Six uniforms, the two female detectives and the assistant
manager stormed out of the elevator into the corridor. In front of the door,
Fiona turned and raised both hands as the assistant manager, with nervous
fluttering fingers, attempted to open the door with a key.

"Just myself and my partner, people," Fiona said,
turning to the others, taking instant command. "Keep everyone out until we
tell you," she barked to the senior uniform. "And secure the
corridor." She took the key out of the hands of the assistant manager, who
had continued to be unable to get his fingers to master the door-opening
process.

"Sorry," the assistant manager said. He was a
thin, balding man with round glasses, impeccably dressed and giving off the
scent of heavy, sweetish after-shave lotion. His facial skin was dead-white. He
stepped aside and leaned against the corridor wall. "I'll wait, if you
don't mind."

After putting on plastic gloves, Fiona and Gail opened the
door, pushing it aside slowly and not passing over the threshold until it was
fully opened. Alert to any surprises, they unsnapped their holsters as a
precaution, although they did not draw their weapons, each taking a swift
single step inside the room.

"No wonder the man is freaking out," Gail said.

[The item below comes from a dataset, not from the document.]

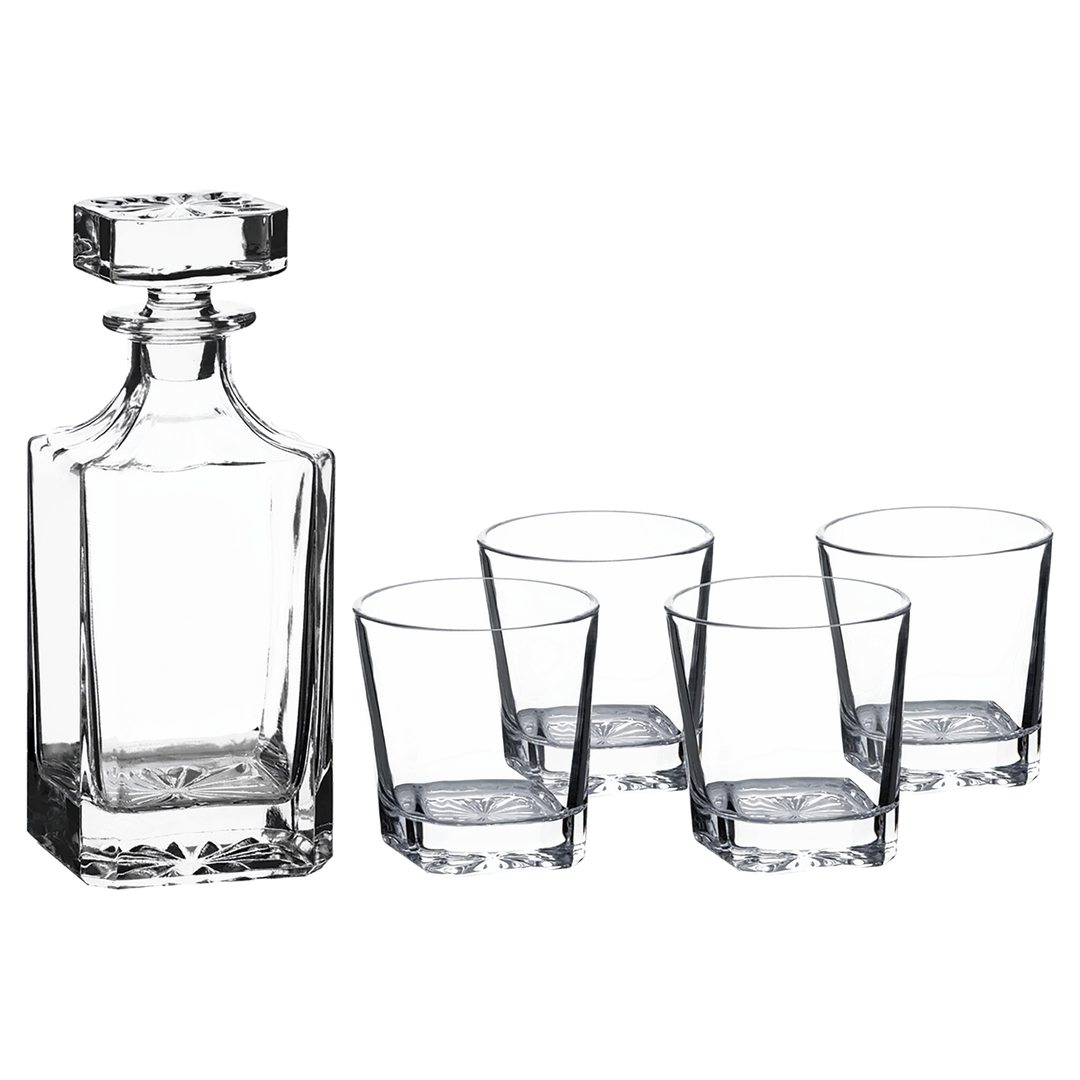 Custom Laser Engraved Whiskey Decanter Set with 4 Glasses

Dominating the room was a queen-sized bed. Beside it, a
bedside lamp suffused the room in an eerie yellowish light. In the center of
the bed, spread-eagled, was a woman, yellowed flesh floating on a pool of
blood, sunken, unseeing, terrified eyes fixed in a frozen stare. The woman's
last life image was obviously one that triggered a sense of mortal fear.

Her arms and legs were tied to the bedposts with a kind of
silky rope and a wad of washcloth was stuffed into her mouth as a gag. Stab
wounds covered her torso from her neck to her pubic hair and seeping blood had
dripped over the vertical edges of the sheets, leaving specks of blood on the
flowered carpet that suggested the beginnings of a Jackson Pollack painting.

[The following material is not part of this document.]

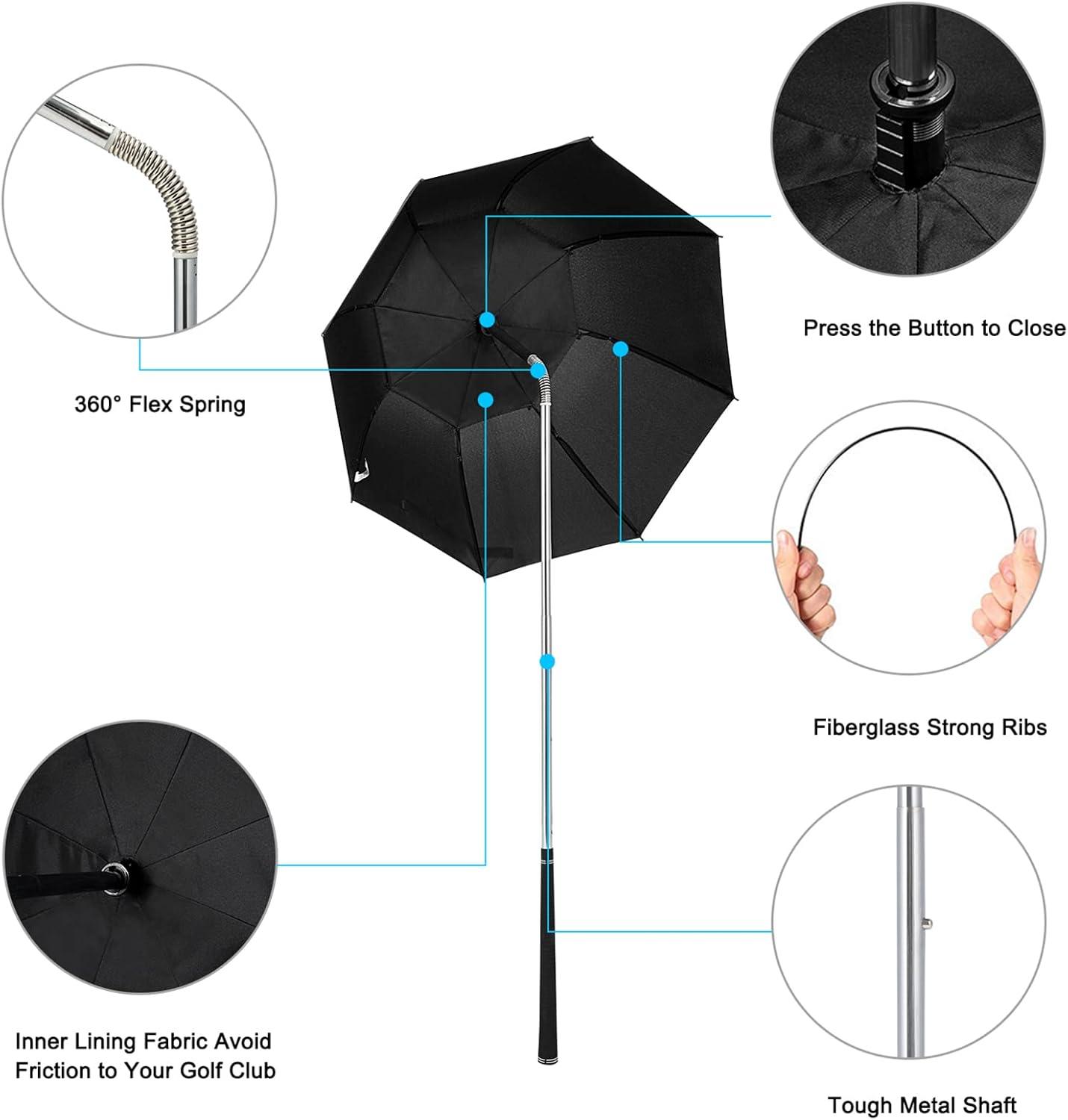 imageG4Free Golf Bag Umbrella for Club Protection Flex UmbrellaBlack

It was one of the worst murder scenes Fiona had ever
covered and for a moment her detective's eye seemed clouded over, her alertness
blunted. She felt physically and mentally immobilized by the sight.

"You okay, Fiona?"

It was the soft, assured voice of Gail Prentiss, who,
towering beside her, was surveying the scene with a far more controlled and
analytical eye than Fiona was able to muster. Unable to function, Fiona turned
away and went into the bathroom, noting instinctively through her numbness that
the room seemed overly clean, a sure sign that the perpetrator had expended a
great deal of energy concealing his tracks.

She turned on the cold tap and splashed her face, letting
the drying process cool her further. The shock was mildly reviving, returning
her somewhat to alertness. She forced her concentration.

There was not a spot in the bathroom to suggest to the
naked eye that a bloody mess was lying on the bed just a few feet away. A
number of wrung-out towels lay in a corner of the room, suggesting that the
effort to eliminate evidence was thorough and meticulous.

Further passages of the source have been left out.